Beijing's most recent five-year plan called for yearly defense spending increases of 15% to 20%, Mulvenon said. Last year's boost was 17.7%.
The government's biggest defense priority is to modernize what in many respects remains a backward military reliant on manpower rather than state-of-the-art weaponry, sophisticated tactics and new fronts for combat, such as Internet warfare.
In large part, the push stems from Beijing's awe and dismay over U.S. military successes abroad. Chinese generals were shocked by the superiority of U.S. troops and arms in the 1991 Persian Gulf War, then by the successful 1999 American-led campaign of airstrikes in Yugoslavia--which Beijing opposed--and, more recently, by the quick rout of the Taliban in Afghanistan.
Also, Washington's plans to develop a missile defense system and its decision to withdraw from the 1972 Antiballistic Missile Treaty have convinced many Chinese officials of the need to overhaul the army to counter U.S. prowess.
Although no one here believes that China can catch up to the United States any time soon, Beijing wants to become a regional power that other governments cannot afford to ignore militarily, especially over trouble spots such as Taiwan, the island Beijing claims as its own.
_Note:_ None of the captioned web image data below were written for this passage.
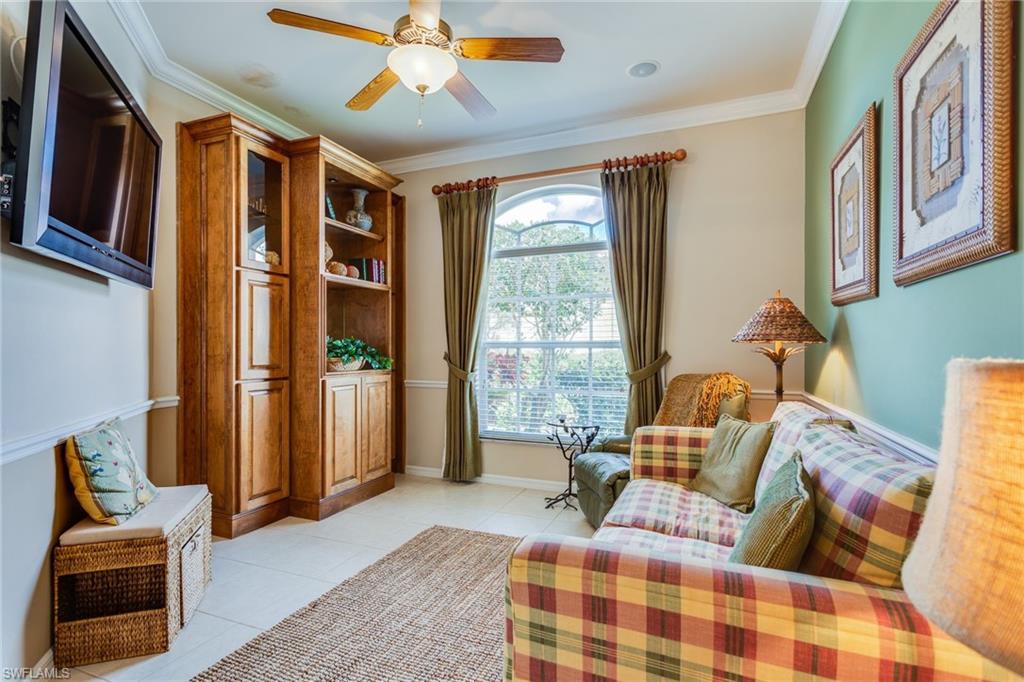 COLONIAL LINKS - Residential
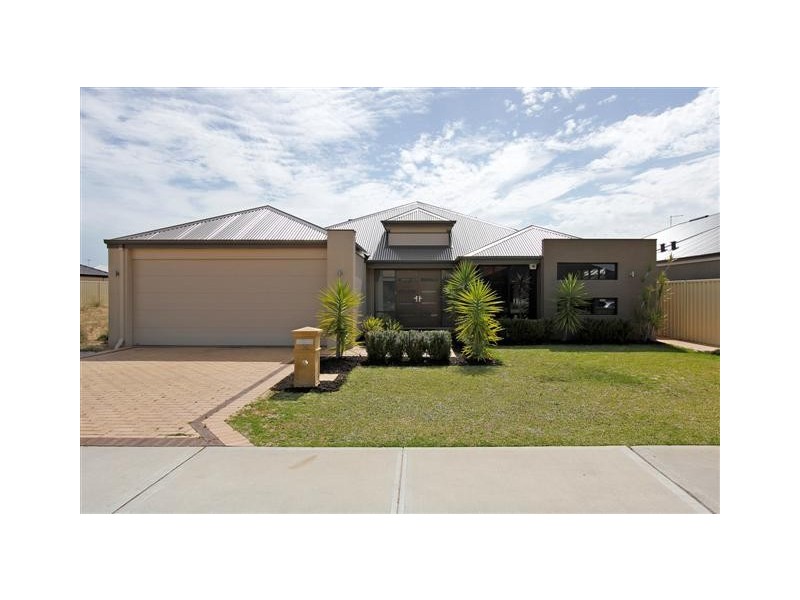 14 Tipperary Bend, Canning Vale WA 6155
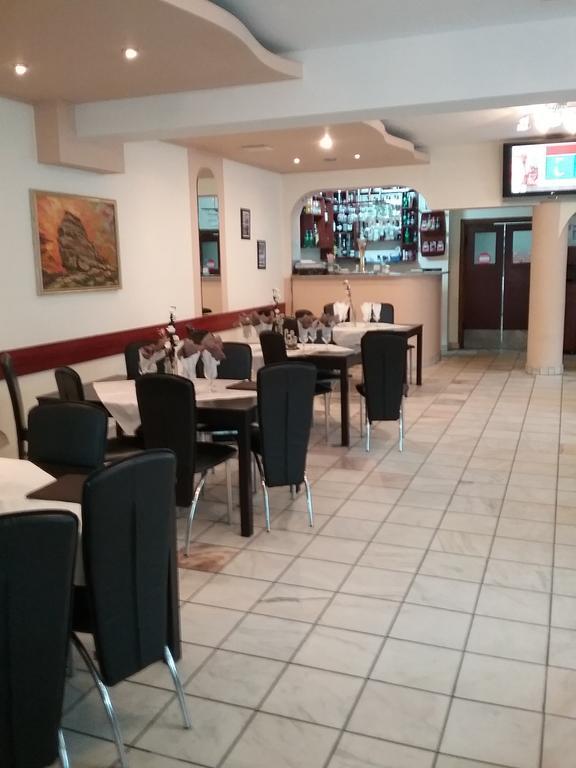 Pensiune Restaurant Sfinx Busteni Bagian luar foto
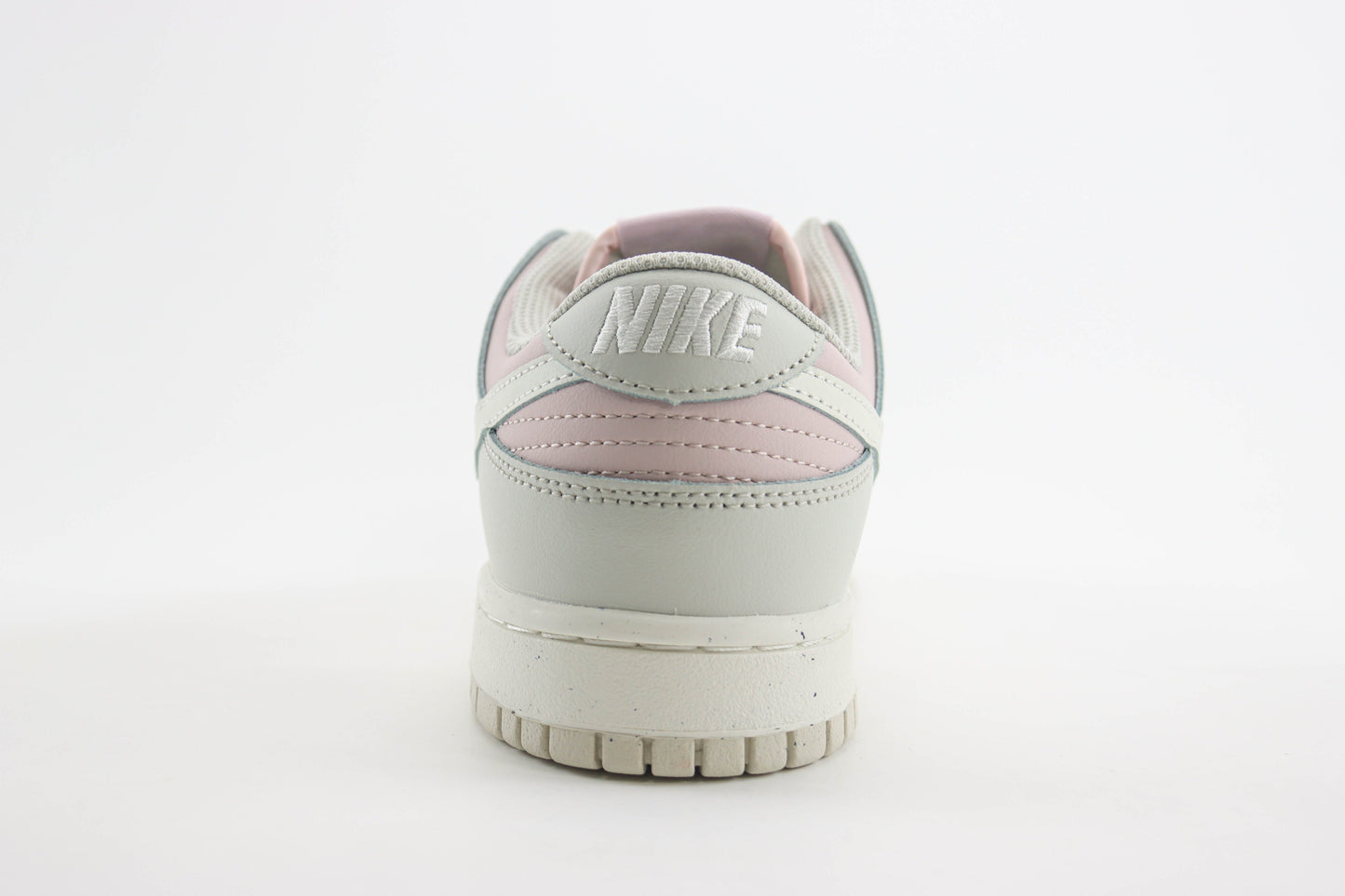 Nike Dunk Low Next Nature Light Bone Pink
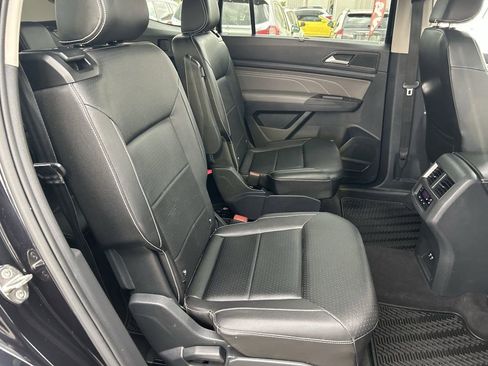 Used 2023 Volkswagen Atlas SE w/ Panoramic Sunroof Package AWD/4WD image 25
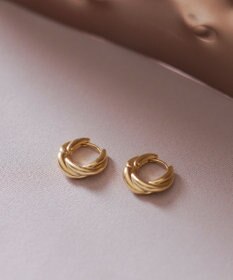 Tiaclasse マットメタルフープピアス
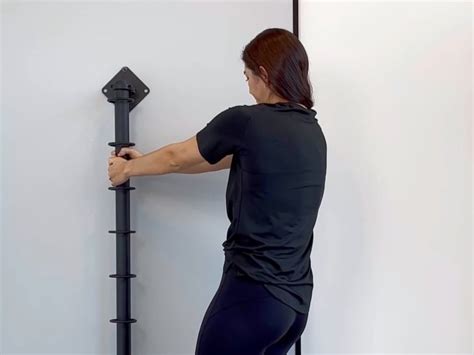 Rhomboid squeeze  Related: Building the Complete Yoke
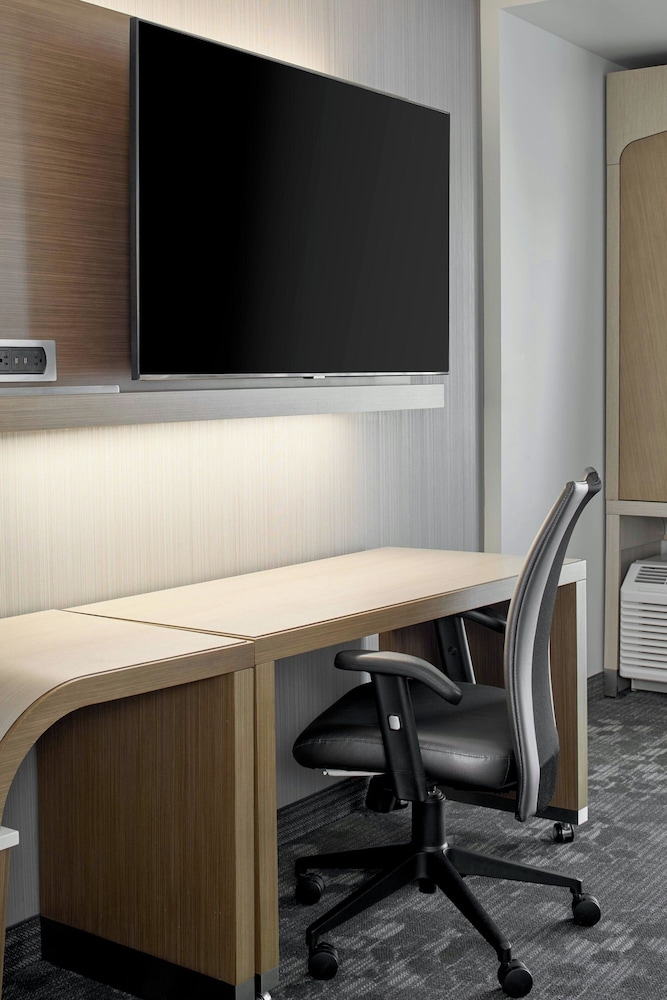 Courtyard by Marriott Albany Troy Waterfront - photo 15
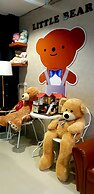 Little Bear Guesthouse and Restaurant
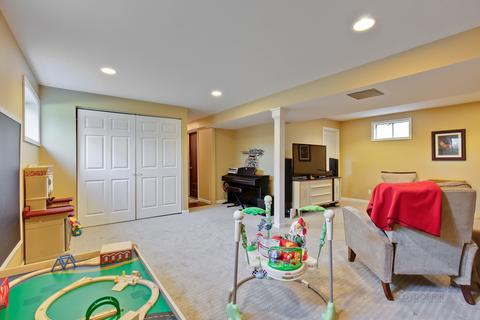 126 Hickory Rd, Oakwood Hills, IL 60013 photo 13
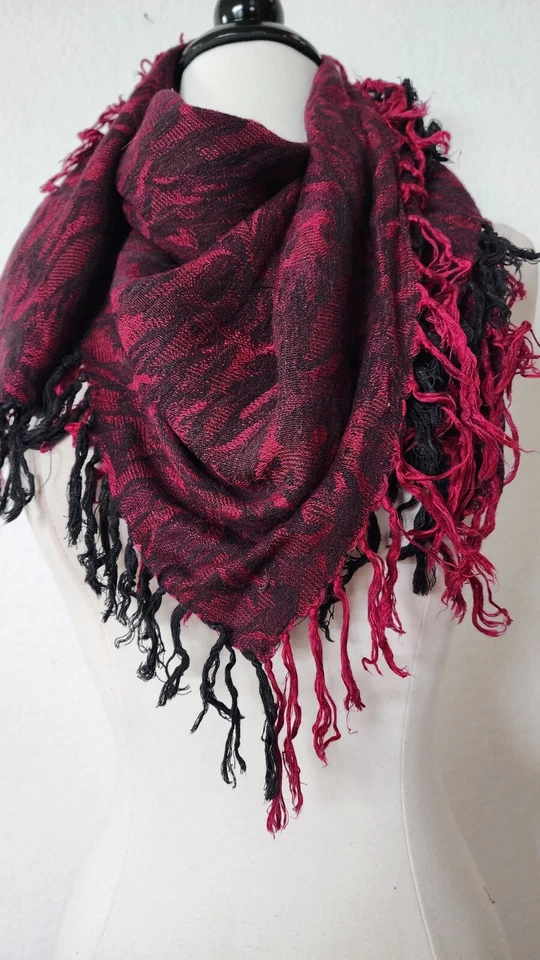 Anthropologie Bufanda Cuadrada Negra Borgoña Floral Flecos Boho Campesino Foto 2 de 4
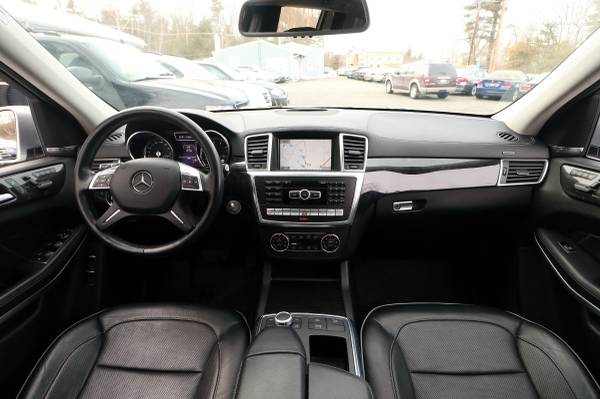 2013 Mercedes-Benz GL550 4MATIC - keyless, cooled seats, we finance for sale in Middleton, MA – photo 14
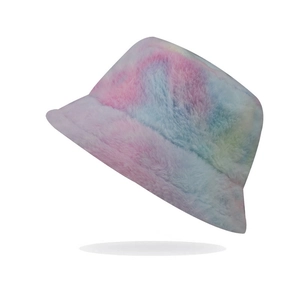 Détail d'un bob en peluche coloré avec fausse fourrure pastel et texture très moelleuse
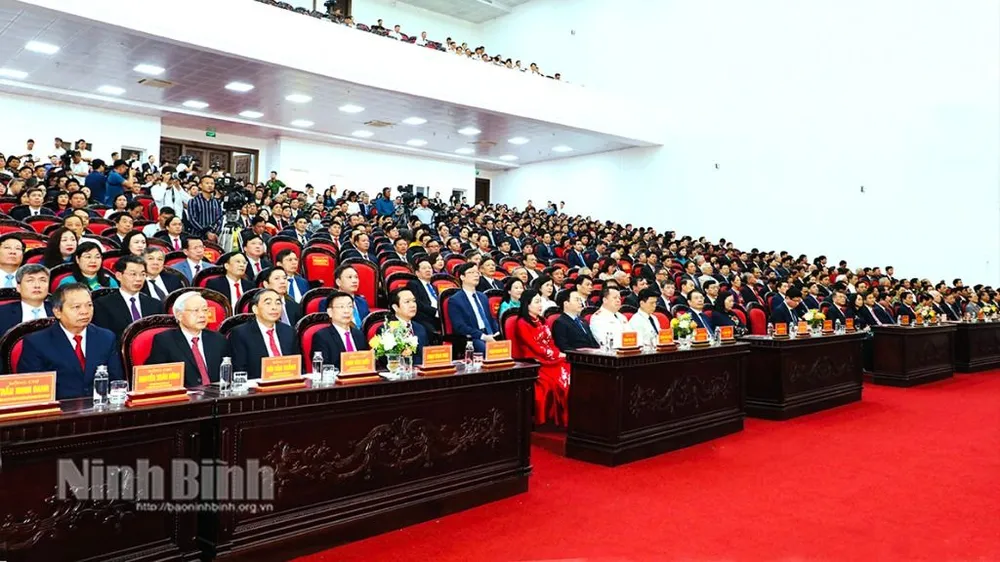 Các đại biểu dự lễ công bố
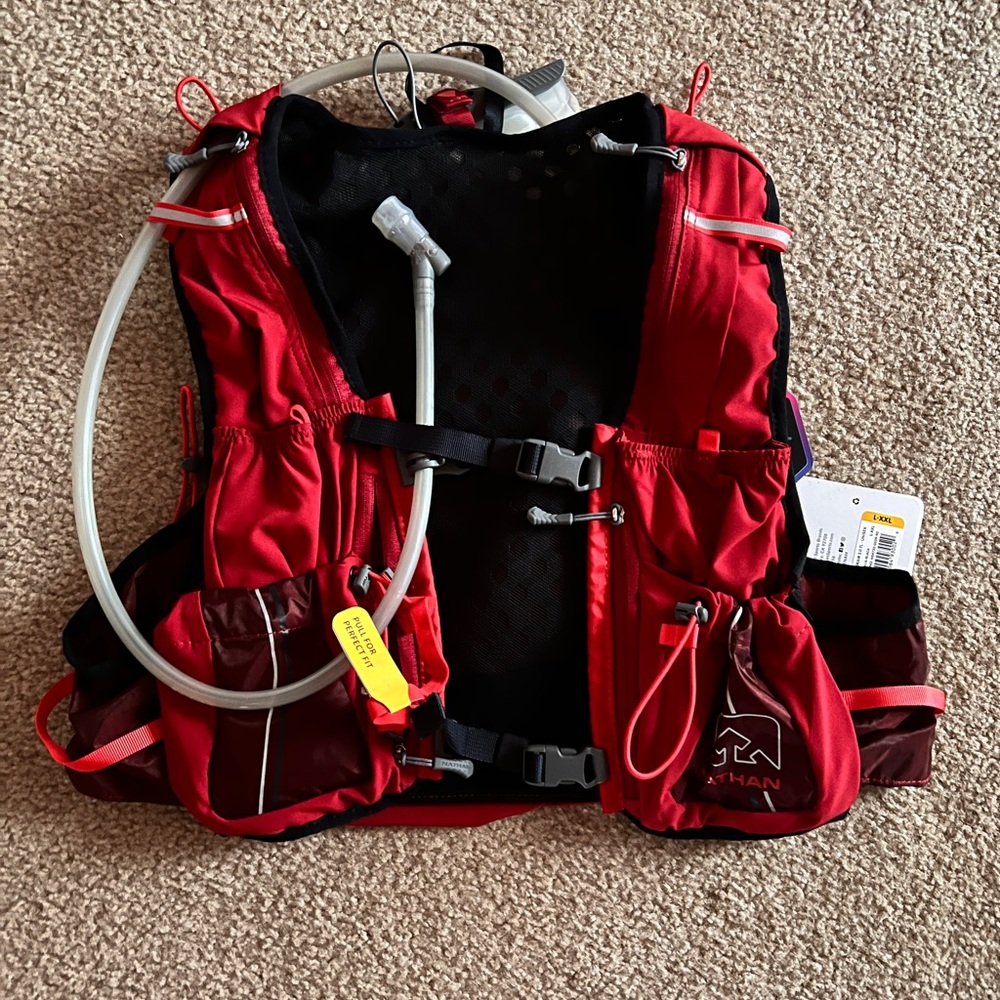 New with tags - Nathan VaporAir 2.0 7L unisex L-XXL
The army upgrade campaign also involves improving morale among the rank and file. Despite--or because of--their huge numbers, troops are often sloppily organized, poorly trained and underpaid--officers and recruits alike. Attracting career military personnel poses a challenge in a society boasting so many other options for making money.
One young former soldier said he received a monthly wage of just 100 yuan, or about $12, in addition to room and board during the first year of his three-year stint. His duties--as with thousands of soldiers across the country--were mainly to help build bridges and roads. He and his fellow grunts slept several to a room in large dormitories, which were locked each night after curfew. Having a girlfriend or a wife was prohibited.
For third-year recruits, he said, the monthly stipend could increase to 500 or 600 yuan if they signed contracts for further service, but he decided to bail out last year.
"There's no real career future there," said the former soldier, a 22-year-old from Shaanxi province who asked not to be identified.
Wednesday's announced budget increase is part of a larger boost in public spending across the board.
Xiang, the finance minister, unveiled an overall national budget of $169 billion, with a projected $37.5-billion deficit that is China's highest ever. Some economists warn that the shortfall could reach dangerous proportions, but the government insists that it is at a safe level.